# Cloud Expenditure Optimization – Notebook Suite
This set of notebooks follows the architecture: ETL → Database → ML (Failure, Cost) → Dashboards.

**Data input**: `../data/sample_reports_100.csv` (or `../data/sample_reports.csv`)

**Outputs**: cleaned data and artifacts in `../results/`.

## 04 – Workload Clustering (KMeans)
Cluster workloads by resource usage to spot high-cost patterns.

In [None]:
import pandas as pd
from pathlib import Path
from sklearn.preprocessing import StandardScaler
from sklearn.cluster import KMeans

possible_paths = [
    '../data/cleaned_reports.csv',
    '../data/sample_reports_100.csv',
    '/mnt/data/cleaned_reports.csv',
    '/mnt/data/sample_reports_100.csv'
]
data_path = next((p for p in possible_paths if Path(p).exists()), None)
assert data_path is not None, f'Could not find dataset.

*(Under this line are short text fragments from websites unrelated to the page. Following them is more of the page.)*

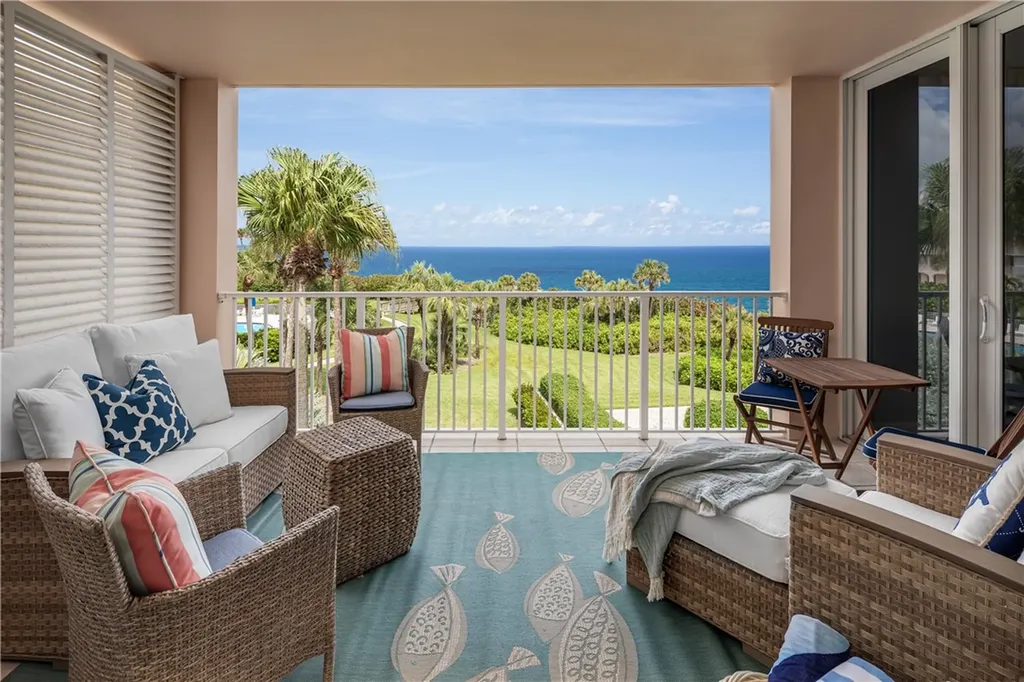 8860 N Sea Oaks Way Vero Beach FL 32963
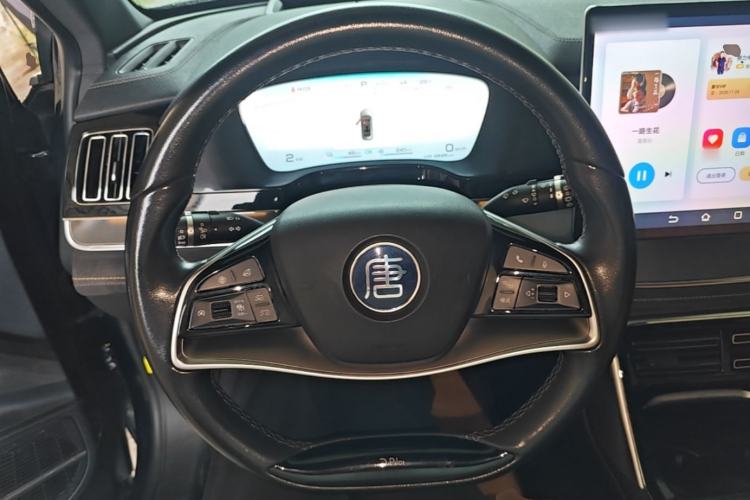 Used BYD Tang New Energy 2023 DM-i Champion Edition 112KM Prestige Model Steering Wheel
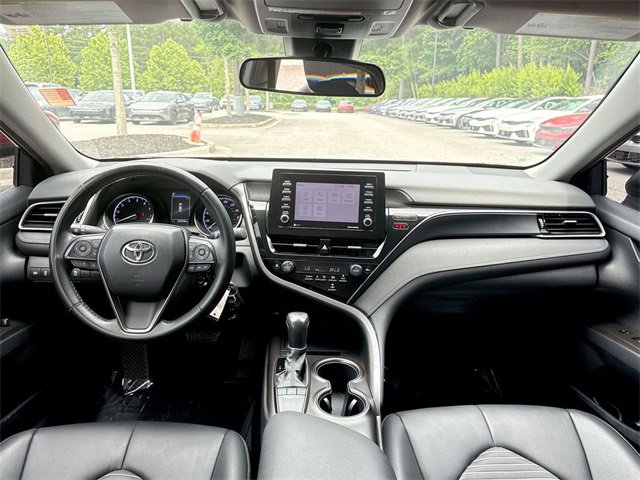 Used 2022 Toyota Camry SE image 21
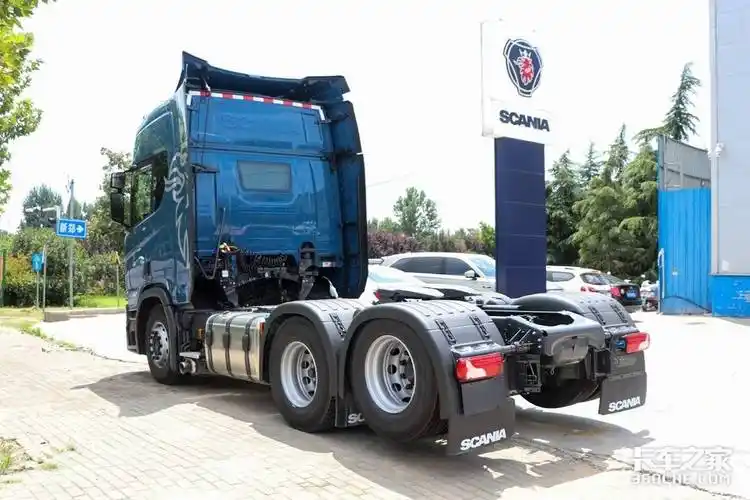 油箱更大 操控更佳! 斯堪尼亚r500速报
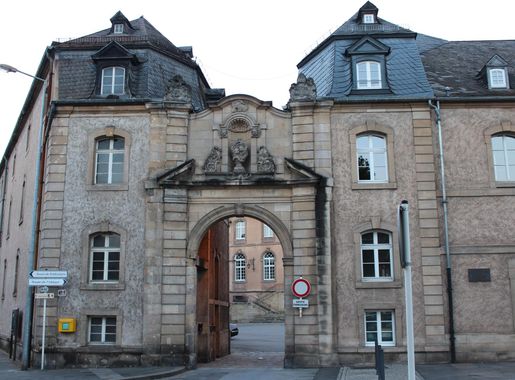 Fichier:Entrance portal former Echternach abbey 01.JPG – Wikipedia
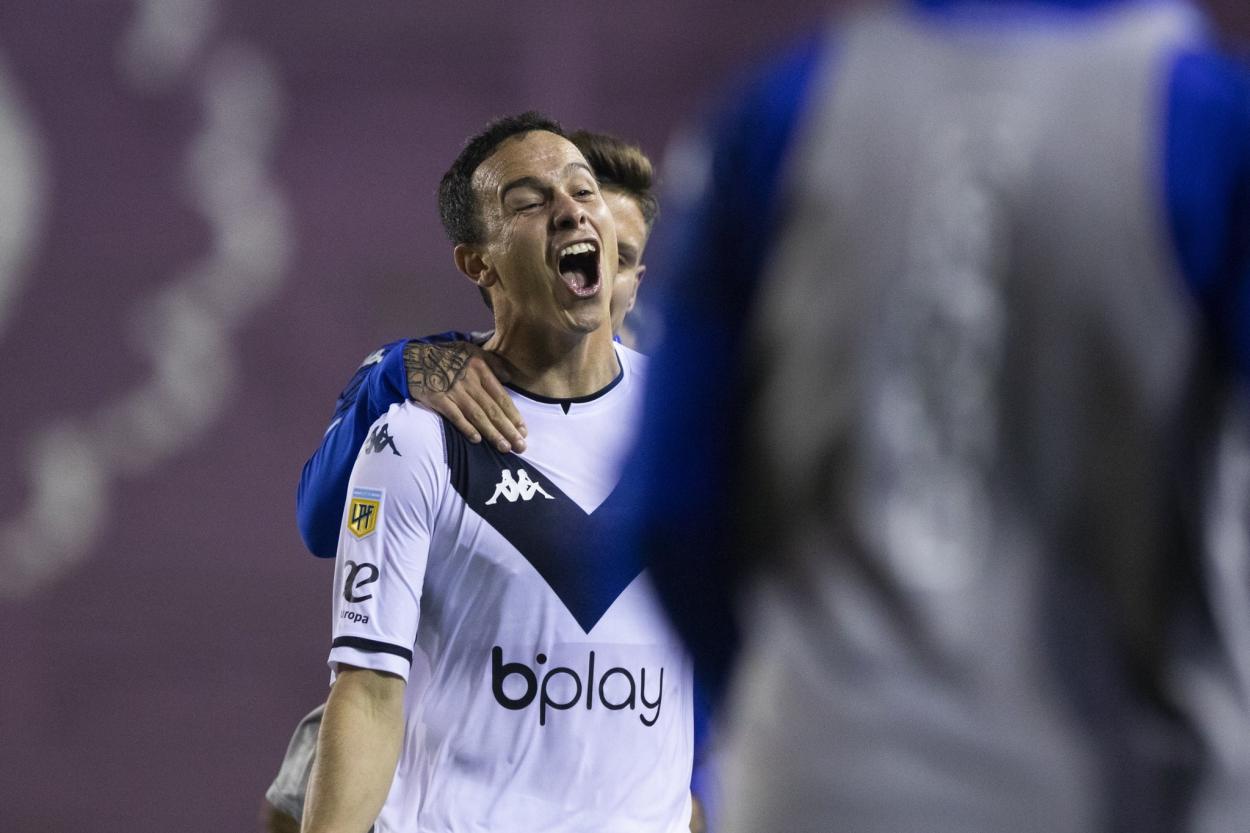 Leo Jara grita su primer gol con la camiseta de Vélez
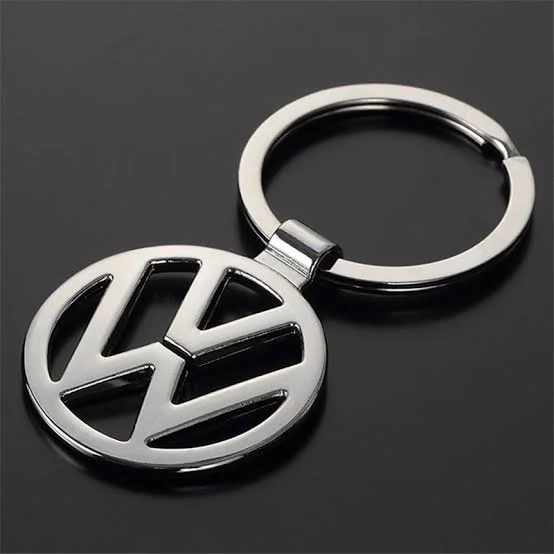 Car logo key chains - Metallic - Image 4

Checked: {possible_paths}'
print('Using data:', data_path)

df = pd.read_csv(data_path, parse_dates=['timestamp'])
X = df[['response_time_ms', 'cpu_usage', 'memory_usage', 'cost_usd']].copy()

scaler = StandardScaler()
Xs = scaler.fit_transform(X)

# Elbow method (quick)
inertias = []
for k in range(2, 7):
    km = KMeans(n_clusters=k, n_init=10, random_state=42)
    km.fit(Xs)
    inertias.append(km.inertia_)

inertias


In [None]:
# Plot elbow
import matplotlib.pyplot as plt
ks = list(range(2,7))
plt.figure()
plt.plot(ks, inertias, marker='o')
plt.title('Elbow Plot')
plt.xlabel('k')
plt.ylabel('Inertia')
plt.tight_layout()
plt.show()


In [None]:
# Fit final model with k=3 (example) and attach labels
final_k = 3
km = KMeans(n_clusters=final_k, n_init=10, random_state=42)
labels = km.fit_predict(Xs)
df['cluster'] = labels

# Cluster profiling
profile = df.groupby('cluster')[['response_time_ms','cpu_usage','memory_usage','cost_usd']].mean().round(2)
print(profile)

# Save labeled data for dashboards
from pathlib import Path
out_path = Path('../results/workload_clusters.csv')
df.to_csv(out_path, index=False)
print('Saved clustered data to', out_path)